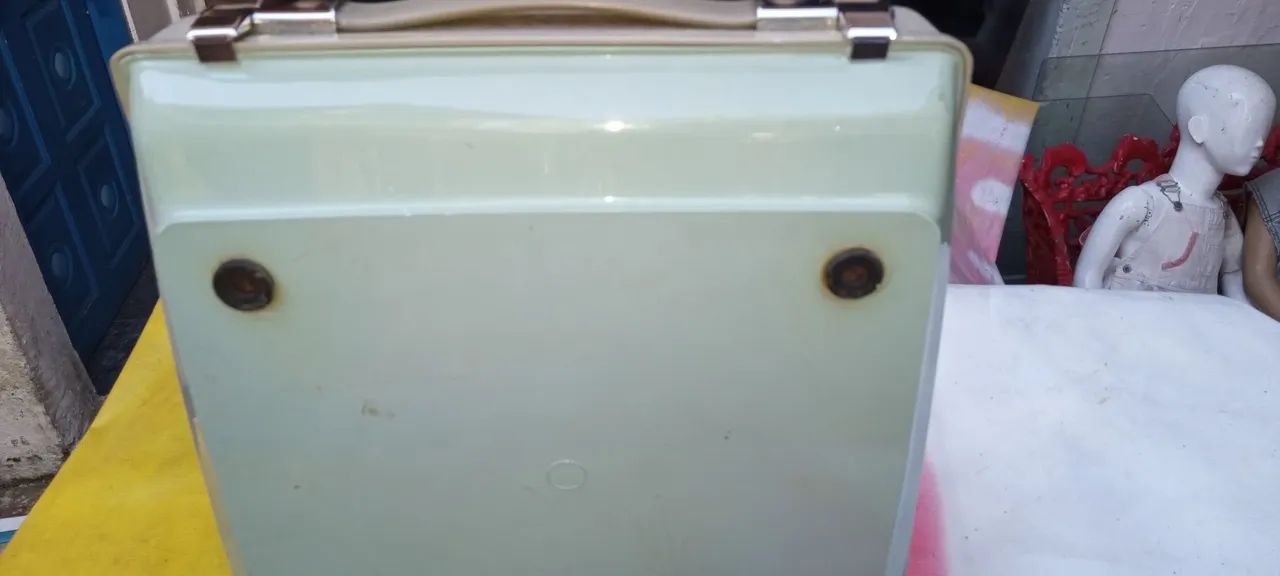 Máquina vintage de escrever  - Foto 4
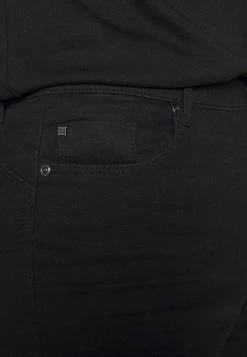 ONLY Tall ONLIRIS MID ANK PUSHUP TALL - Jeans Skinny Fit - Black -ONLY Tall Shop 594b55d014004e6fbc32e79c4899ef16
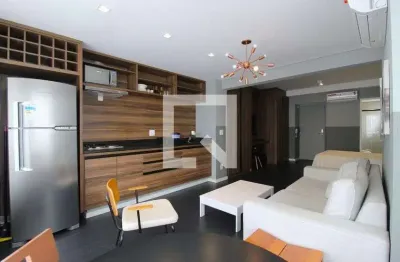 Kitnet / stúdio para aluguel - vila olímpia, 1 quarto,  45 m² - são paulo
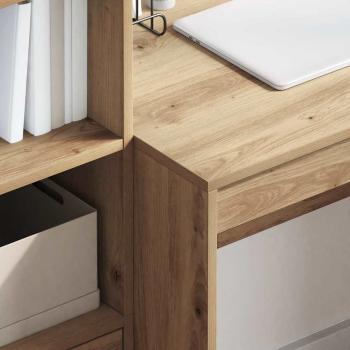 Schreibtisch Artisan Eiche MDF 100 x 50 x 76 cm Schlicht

Exercise aim » Leave the images out and transcribe the remaining data above word for word.

Answer for the task »
 Máquina vintage de escrever  - Foto 4
 ONLY Tall ONLIRIS MID ANK PUSHUP TALL - Jeans Skinny Fit - Black -ONLY Tall Shop 594b55d014004e6fbc32e79c4899ef16
 Kitnet / stúdio para aluguel - vila olímpia, 1 quarto,  45 m² - são paulo
 Schreibtisch Artisan Eiche MDF 100 x 50 x 76 cm Schlicht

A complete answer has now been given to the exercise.